* TASK DATA:
BEGIN

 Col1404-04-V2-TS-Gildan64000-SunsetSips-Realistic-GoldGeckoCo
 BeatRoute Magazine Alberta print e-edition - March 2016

END
BEGIN

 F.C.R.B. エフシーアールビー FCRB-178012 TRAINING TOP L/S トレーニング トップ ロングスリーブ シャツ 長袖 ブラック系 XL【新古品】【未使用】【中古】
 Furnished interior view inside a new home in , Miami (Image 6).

END
BEGIN

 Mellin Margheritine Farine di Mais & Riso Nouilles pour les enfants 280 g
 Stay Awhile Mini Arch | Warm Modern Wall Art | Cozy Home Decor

END

From the data above, reproduce word for word the lines running from the line with "Col1404-04-V2-TS-Gildan64000-SunsetSips-Realistic-GoldGeckoCo" to the line with "BeatRoute Magazine Alberta", ends included.

 Col1404-04-V2-TS-Gildan64000-SunsetSips-Realistic-GoldGeckoCo
 BeatRoute Magazine Alberta print e-edition - March 2016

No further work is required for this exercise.